QUEENSLAND Workplace Health and Safety are continuing investigations into the circumstances surrounding the death of a 27-year-old German backpacker.
Described by friends as a “strong woman”, Jennifer Kohl is the latest backpacker to die while working on an Australian farm after she was crushed by a ride-on lawnmower.
On December 8, Ms Kohl and a male were on the ride-on mower when it rolled off the side of a hill and pinned her beneath it.
Emergency services rushed to the Macdonnell Rd property in Tamborine Mountain but she died at the scene.
Ms Kohl, of Leipzig, Germany, had been working at an avocado farm on the Gold Coast hinterland for a second year working holiday visa.
The program, which sees thousands of foreigners travel to remote and rural locations to work on farms for an extra year in Australia, has become increasingly controversial after a spate of fatal accidents and murders.
Speaking to the Brisbane Times, one of Ms Kohl’s best friends, Mathias, said she had “enriched” his life.
“She was my best friend for over 10 years and she accompanied me through good and bad times,” he told the publication.
“She was the one who gave me the power and motivation not to give up over and over again in just a unique way that I never seen before.
“She really meant (a) lot to me and with the news of her death I definitely lost a part of my life ... but she taught me to be a fighter and this is something I thank her (for). I will remember her as a strong woman, as someone who has enriched my life and I’m happy and proud to have met her.”

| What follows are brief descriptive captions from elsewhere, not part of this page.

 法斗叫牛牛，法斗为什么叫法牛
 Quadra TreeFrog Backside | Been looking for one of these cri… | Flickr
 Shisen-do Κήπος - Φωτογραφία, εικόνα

Workplace Health and Safety Queensland said investigations into Ms Kohl’s death are ongoing and a report will be prepared for the coroner.

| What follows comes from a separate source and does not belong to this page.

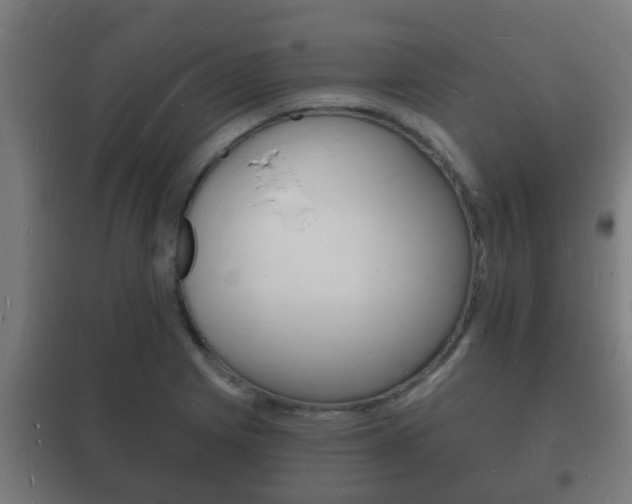 X0000102221225200807250738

Ms Kohl’s death is yet another tragedy tainting Australia’s controversial backpacker industry.
In August last year, 20-year-old Mia Ayliffe-Chung was stabbed to death by a French backpacker in north Queensland while working for her second year working holiday visa.

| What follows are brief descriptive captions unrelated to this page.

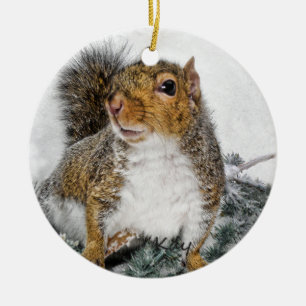 Snow Squirrel Ceramic Ornament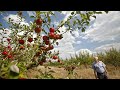 Europe's fruit farmers worry as unseasonal frosts threaten harvests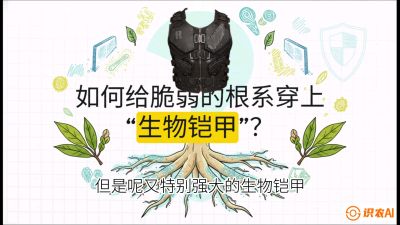 第三节：国产榴莲突围战：根系堡垒，菌根微生态构建与黄金定植窗口，课程：《国产榴莲突围战：从泰国经验到中国实操的8堂必修课（高阶实战版）》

Another backpacker, 30-year-old Thomas Jackson, was also killed trying to protect Mia as she was repeatedly stabbed.
In March, Mia’s mother Rose launched a scathing attack against Australia’s second year working holiday visa program.
In an article for The Telegraph UK, Ms Ayliffe-Chung said the visa program is “so badly run it often amounts to little more than modern-day slavery for these young adults”.
“Put bluntly, they are exploited into carrying out Australians’ dirtiest, unsafest work for them, in the most remote and inhospitable areas of that vast country,” she wrote.